You can use the 'J' option in SHELXPRO to create SHELXL restraints for
any fragment for which you have coordinates in a file in PDB, CSD or
SHELXL ins-format.
If you want, I'd be happy to put your parameter set on our web site.
Q38:
How do I restrain an SCN molecule to be straight ?
It is difficult to restrain a linear molecule to be straight.
A very small sigma on the DFIX and DANG restraints envolved will make
the molecule almost straight. But as the restraint is not very sensitive
to small deviations from linearity, there
will always be a small distortions. Making the sigma extremely small
(i.e. < 0.001 or so) will not have any effect, as SHELXL has an
internal cut-off for small sigmas to avoid problems during minimization.

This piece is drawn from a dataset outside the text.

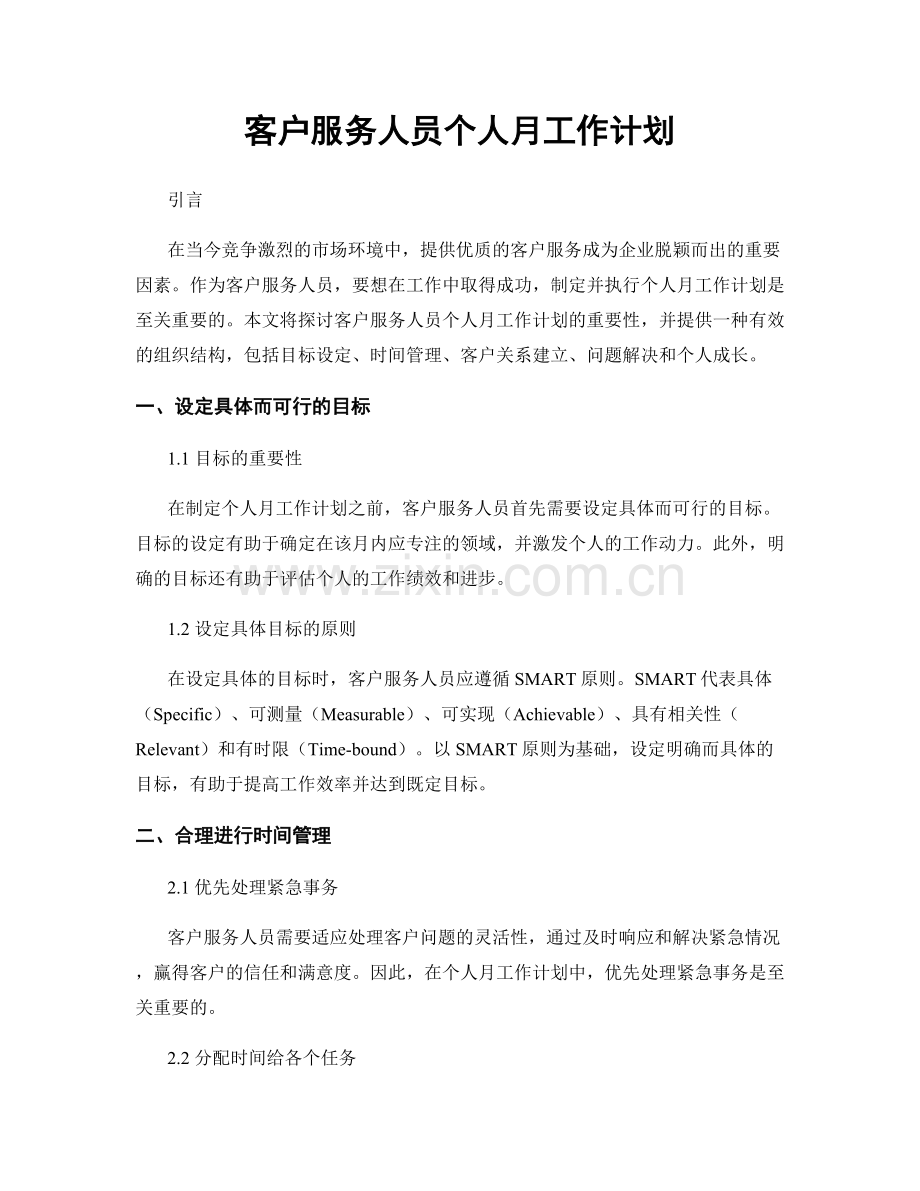 客户服务人员个人月工作计划.docx_第1页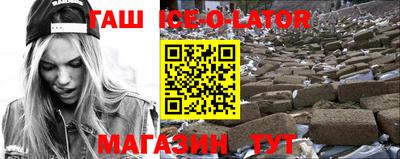 синтетический гашиш Бугуруслан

The best solution probably is to put SCN into the refinement as
a rigid group with ideal geometry (from CSD or other source) and
only refine the translational and rotational parameters of that
group (AFIX 6, manual page 7-15). Refinement with AFIX 9 (page
7-15) would allow the bondlengths to shrink or expand
uniformly - this would give the model a chance to take librational
effects etc into account (not really, but better than nothing ...).
Q39:
Any suggestions for restraints for glycerol ?
Here is what I (TRS) use:
DFIX_ALK 1.417 CA OA CC OC ! Engh&Huber CH2E-OH1
DFIX_ALK 1.530 CA CB CB CC ! Engh&Huber CH1E-CH2E
DFIX_ALK 1.433 CB OB ! Engh&Huber CH1E OH1
DFIX_ALK 2.431 CB OA CB OC CA OB CC OB ! shelxl DFIX_SER CA OG
... no guarantees, as always ...
Q40:
How do I straighten out an azide molecule ?
George:
There is no easy way to restrain it effectively so I recommend making the
esds of the DFIX and DANG instructions for the azide very small (e.g.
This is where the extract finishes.